Историк Лев Лурье рассказал "Деловому Петербургу" о населении, которое еще недостаточно сильное, чтобы осуществлять суд Линча, о разложении в лице Сергея Шнурова и власти.
"ДП": Почему в России последних лет так принялась идея
небоскребов?
Лев Лурье: Любая молодая хищная аристократия хочет поставить
себе памятник при жизни. Кто-то делает татуировки, кто-то строит надгробные
памятники с ключом от "мерседеса" в руке, кто-то хочет построить что-то
необычайно высокое.
Это может быть памятник собственной деятельности, может быть
"бентли" или "ламборджини". Есть еще одна причина. Когда существует настоящая,
зримая вертикаль власти, подданным не позволено выражать сомнение.
Проблема заключается в том, что, конечно, в городе должны
сочетаться две крайности: разнообразие, живая жизнь и градостроительная задумка,
некий план. Теперь понятно, что мы в юности так любили архитектуру модерна и
эклектики не потому, что она так прекрасна, а потому, что она разнообразна. Но
это разнообразие возникло благодаря градостроительным правилам дореволюционного
Петербурга, благодаря городской думе, благодаря Леонтию Бенуа, который был
начальником КГИОП в то время.
Застройка вводилась в некоторые рамки. И как бы ни был
безобразен Елисеевский магазин (а он безобразен) и как бы странно ни выглядел
Дом Зингера на фоне классических зданий, тем не менее эти сооружения находятся в
некоем ритме, они не заступают за условную красную линию улицы. Конечно, и здесь
были нарушения. Мирискусники мечтали, чтобы большевики заложили динамит под
собор Спаса-на-Крови, настолько он чужероден.
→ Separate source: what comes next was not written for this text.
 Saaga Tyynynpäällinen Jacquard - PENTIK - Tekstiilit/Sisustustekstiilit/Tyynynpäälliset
Но постепенно все сглаживается. Проблема, собственно,
заключается не в том, чтобы запрещать, а в том, чтобы находить баланс между
разными вкусами, пусть даже дурными, и городской средой. Ну, построит себе
какой-нибудь олигарх Диснейленд, как это уже неоднократно бывало. Только пускай
строит он его себе в Сосново или на Рублевке, где это никому не мешает. Но когда
это происходит вызывающим способом и рушит существующий ландшафт, это
возмутительно и политически опасно.
"ДП": Политически опасно? Почему?
Лев Лурье: Не надо забывать, что первая с 1917 года успешная
политическая демонстрация произошла в Советском Союзе в марте 1987 года в городе
Ленинграде по поводу спасения гостиницы "Англетер". Нынешняя власть хорошо
помнит эти события, потому что именно Валентина Ивановна вела переговоры с
вождями инсургентов. А закончилось это тем, что через несколько лет пал
Советский Союз. С символическими вещами шутить очень опасно.
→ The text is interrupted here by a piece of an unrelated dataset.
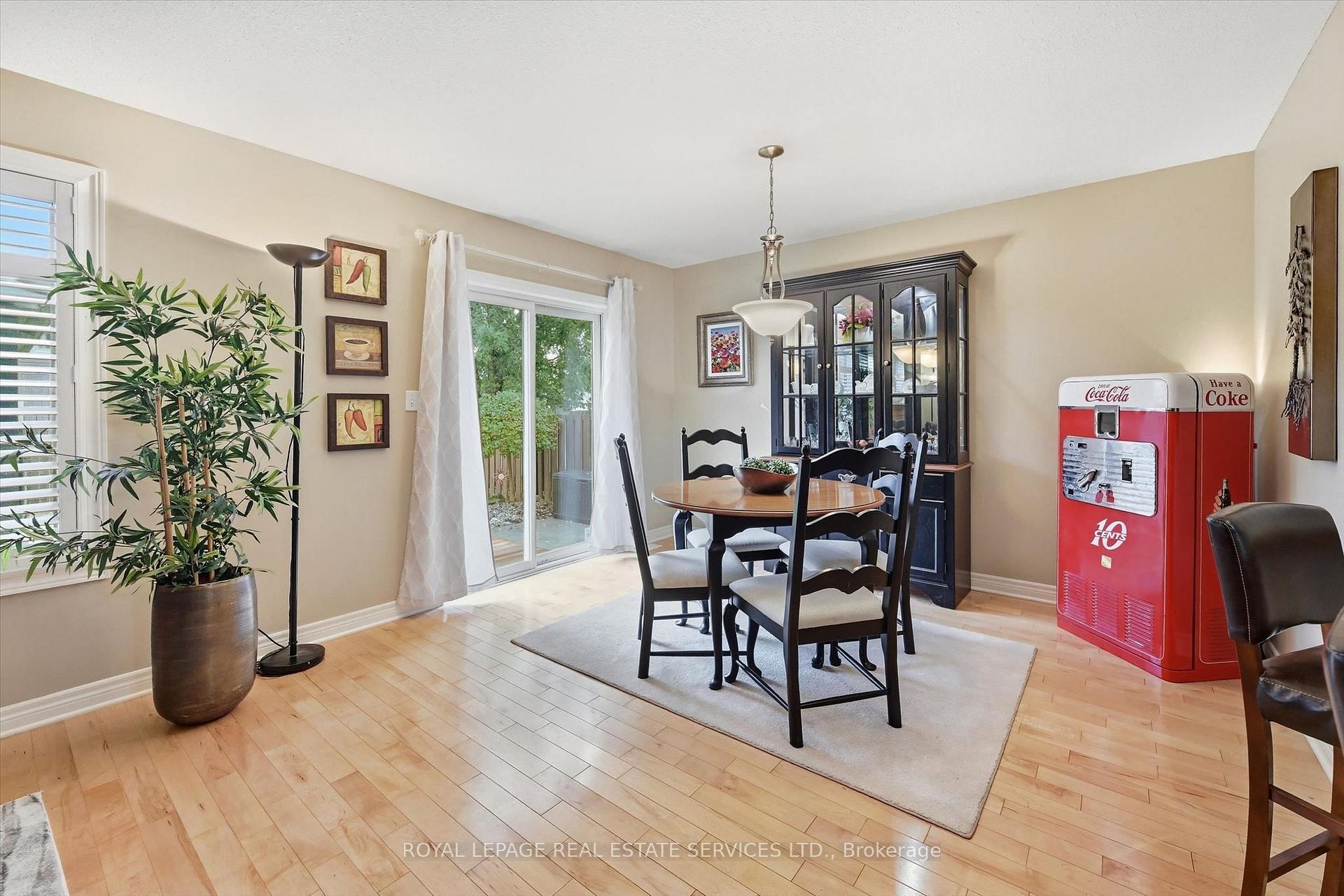 Photo 18 of 44 Thorold Avenue, Thorold, Port Robinson — HOMEH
"ДП": Вы считаете парк метафорой рая. Но сейчас не строят
парков...
Лев Лурье: Проблема в следующем. Мы имеем дурную власть,
безумно зависящую от собственников, и отсутствие механизмов, которые позволяли
бы населению выражать свою волю. Это не значит, что у населения полностью
атрофировалась воля.
Заметьте: в последние 20 лет наши дворы и особенно парадные
стали чище. Дело не в прекрасной работе участковых милиционеров, дело в том, что
мусорить в парадных иногда бывает небезопасно.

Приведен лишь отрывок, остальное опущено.